Murphy Warehouse Company
- Type: Private
- Industry: Supply Chain Management
- Founded: 1904
- Headquarters: Minneapolis, Minnesota
- Key people: Kirk Fischer, CEO & President
- Website: www.murphylogistics.com

= Murphy Warehouse Company =

Supply chain logistics company

Murphy Warehouse Company is a family-owned, full-service supply chain logistics company based in Minneapolis, Minnesota, United States. Founded in 1904, Murphy is one of the Upper Midwest's largest asset-based logistics companies and serves more than 250 companies ranging from Fortune 500 to startup companies.

The company provides a wide range of services, including warehousing, distribution, transportation, cross-docking, fulfillment and administrative, as well as international logistics through its Midwest International Logistics Center. Murphy is OSHA MNSHARP Certified and Safe Quality Food SQF Edition 9 Certified.

== History ==
In 1904, founder Edward L. Murphy Sr. purchased two horses and a wagon from his brother, Jack, signifying the beginning of the Murphy Warehouse Company. Today, Murphy operates 12 warehouse facilities, many on or adjacent to rail yards.

== Logistics services ==
Murphy provides warehousing, distribution, information management, contract logistics, consolidation, transportation, rail transloading, pool distribution, pick and pack, fulfillment, freight brokerage and international support services. Murphy also provides other services, such as labeling, stretch wrapping, product assembly, packaging, re-pack and quality control testing-sampling.

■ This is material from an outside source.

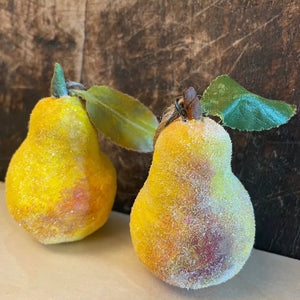 Handmade Spun Cotton Pear Ornament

The company also offers international logistics through its Midwest International Logistics Center, which includes a designated U.S. Customs Exam Station (CES), a Container Freight Station (CFS) and a Foreign Trade Zone (FTZ), allowing for modifications to import products before they reach U.S. soil, as well as export services.

== Stormwater management system ==
In 2008, Murphy Warehouse installed a stormwater management system at its headquarters. The system cost $580,000 to install, captures 95 percent of stormwater on a 22 acre site that was more than 95 percent impervious, recharges groundwater, filters stormwater for quality, and eliminates a $68,000 annual stormwater assessment from the city. It is the first stormwater system of its kind to be voluntarily constructed on an existing, heavy use commercial site in Minneapolis, Minnesota.

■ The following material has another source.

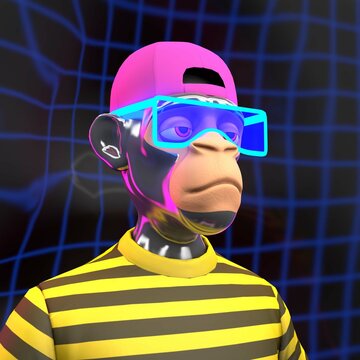 3d digatal Ape avatar. In-game character for metaverse.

Murphy also installed native prairies around the stormwater system, increasing its efficiency, eliminating polluting fertilization and water waste from automatic sprinklers, and saving additional money through reduced maintenance costs of a traditional lawn. For example, at Murphy's Fridley Campus, a similar installation requires $2,240 per year for 6 acre of prairie upkeep instead of $21,650 per year for only four acres of lawn care.

In January 2009, the American Council of Engineering Companies recognized Murphy and Wenck Engineers, which assisted in design and installation, with the Minnesota Engineering Excellence Honor Award for the stormwater system.

Minneapolis mayor R.T. Rybak proclaimed it, “the single best green value that I can see in Minneapolis,” on Earth Day, April 22, 2009.